Mo Willems believes the world could use a lot more kindness right now.
“We are definitely living in very difficult and very troubled times,” the beloved children’s book author and illustrator told HuffPost. “There’s a remarkable amount of unkindness in the world, but it’s important for us to take care of ourselves and those around us. And just to jump up and down and be ridiculous.”
Embracing our fun and ridiculous sides is very much a theme of his first live-action special, “Mo Willems and The Storytime All-Stars Present: Don’t Let The Pigeon Do Storytime!” ― which debuts on HBO on Thursday. Filmed last year at the Kennedy Center, the family special features readings and sketch comedy by stars like Anthony Anderson, Yvette Nicole Brown, Rachel Dratch, Cameron Esposito, Tony Hale, Greta Lee, Tom Lennon, Natalie Morales and Oscar Nunez.
“I hope it will be a spark for creativity, for creating stuff ― also just for being silly,” Willems said. “One reason we’re using celebrities and having them jump up and down and be ridiculous is for the grown-ups watching this to think, ‘If Rachel Dratch or Anthony Anderson can do this, why not I?’ It’s a chance for hopefully everyone in the year can get inspired to read and be performative with their storytimes.”
Willems is known for bestsellers like “Don’t Let the Pigeon Drive the Bus!” and “Knuffle Bunny: A Cautionary Tale.” He said he is “overjoyed and humbled” to know that people have taken solace in his books during difficult moments and can create their own meaning over time.
“What I really hope is that kids will be able to express themselves through drawing, writing and playing with my characters,” he noted. “That’s where magic is.”
The writer offered his advice for parents who want to raise kind children in today’s world.

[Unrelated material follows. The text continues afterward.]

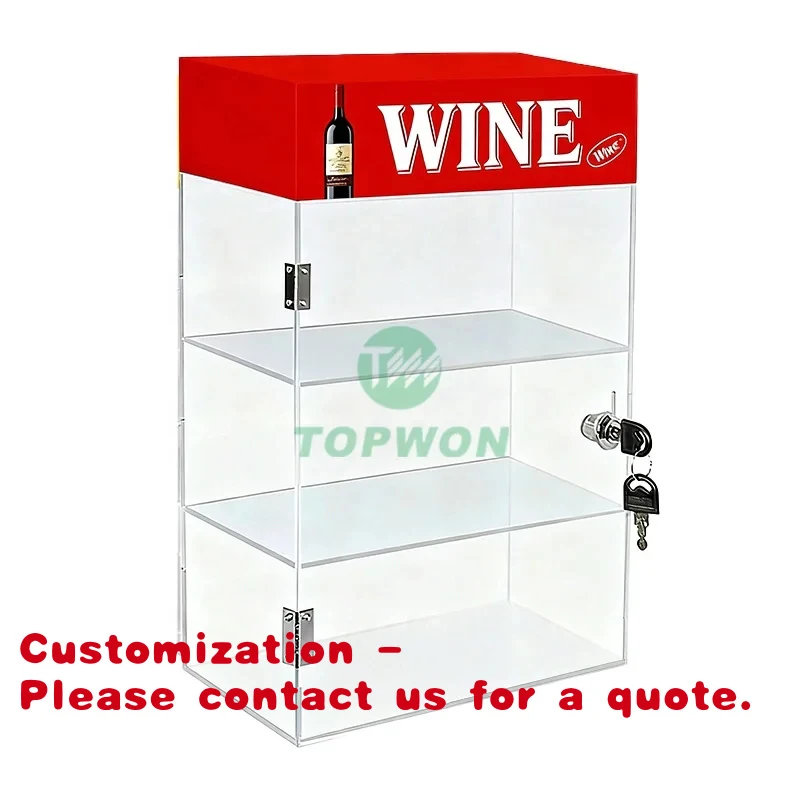 Customize.Custom Retail Store Acrylic Display Cabinet 4 Tier Acrylic Product Display Stand Food Wine Makeup Acrylic Display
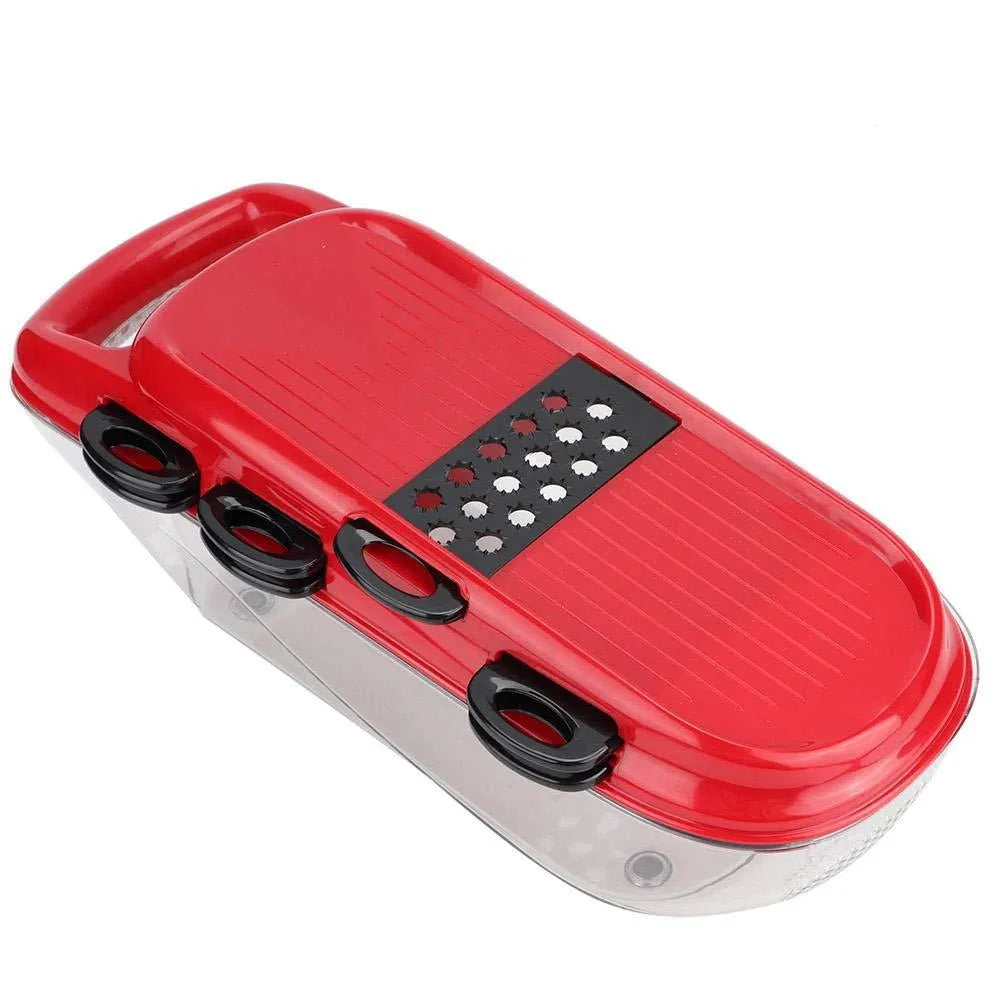 Red multifunctional vegetable cutter with seven stainless steel blades and a clear PET storage container.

“This idea that we want to ‘instill’ things in children makes them seem like luggage rather than human beings that you love,” he said. “Anything that you want for your kids, the answer is you should do it. If you want your kids to be creative and draw, you should be creative and draw. If you want your kids to be more patient, you need to be more patient. I think one of the secrets that grown-ups forget is when your children are young, you as the grown-up in their life are really cool and the things you do are really cool to them.”
Putting in the work applies not just to parenting, but to other relationships as well. Willems noted that his “Elephant and Piggie” book series focuses on friendship, “not as happiness but as work.”

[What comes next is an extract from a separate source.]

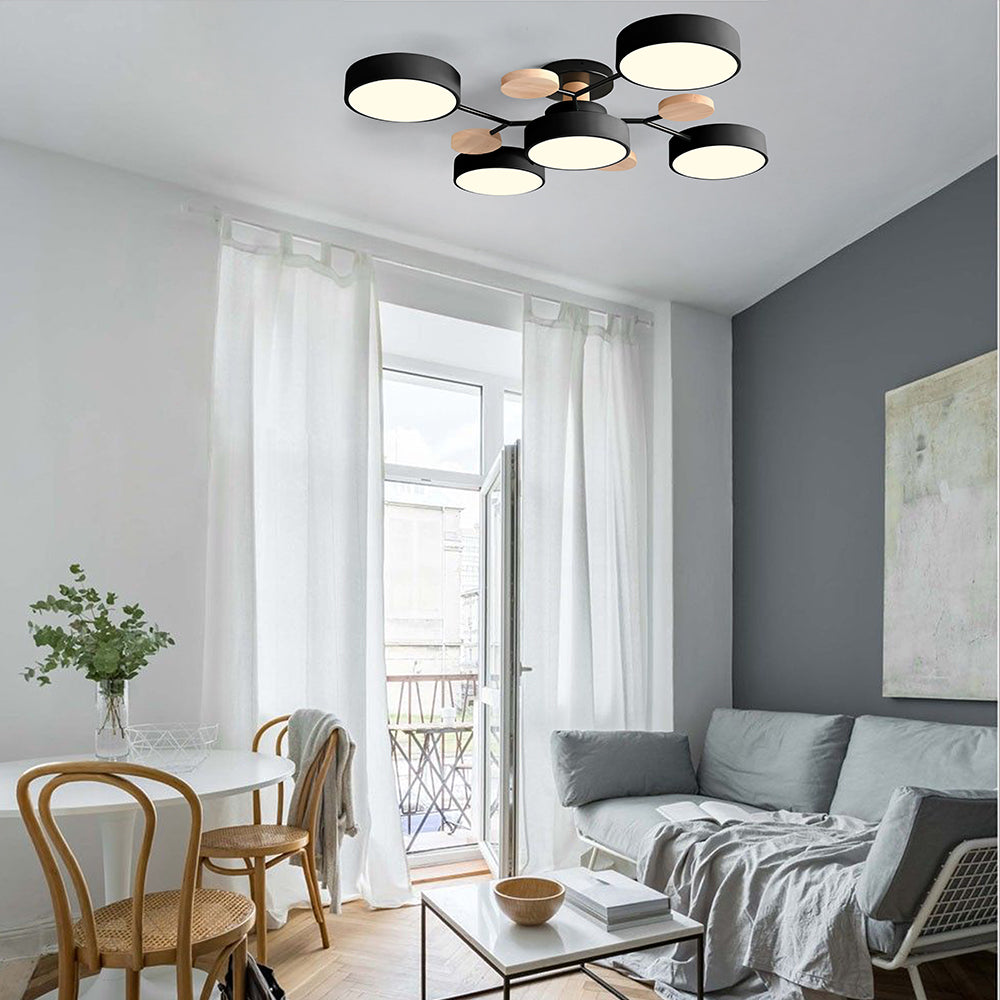 Modern Circular LED Ceiling Light | Contemporary Bedroom Living Room Lamp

“You can make mistakes, you can realize them, and you can make up for them. Those are the building blocks of friendship,” he said. “Perhaps we as a culture could work toward being friends more than towards destroying each other.”
A true creative, Willems is always working on new projects. He enjoys exploring big philosophical questions and topics that “excite” and “frighten” him.
“I’ve been making a lot of abstractions lately because color, shape, and form are eternal and beautiful,” he said.
Creating is a big part of everyday life with Willems’ family, which includes his wife, Cheryl, and teenage son, Trix.
“The freshman year of college was not what we expected it to be. We hoped he would be out of the house making small mistakes,” he said, adding that Trix instead has been at home helping with projects and working on his own.
“We all take solace in our work, and we’re happy we get to make work,” the author explained. “My wife is a potter. My son is a great illustrator and draws realistically, so we spent a lot of our time trying to create and make things. One important thing about all of this is you don’t draw just to express yourself but to discover yourself, to discover how you’re feeling. We allow ourselves the time to find ourselves through the making of things.”
For Willems, this is a lifelong process that begins at an early age. He recently observed a young girl in his neighborhood exhibit what seemed like “the perfect metaphor for childhood, grown up and life.”
“She’s in the yard doing cartwheels, bending over backwards, landing on her hands, doing handstands, walking on her hands,” he recalled. “Then she gets up, walks up the stairs, trips and falls on her face. I think that’s who we all are. We’re capable of remarkable things, but then we fall on our face. And we’re still learning and questioning. That’s the joy.”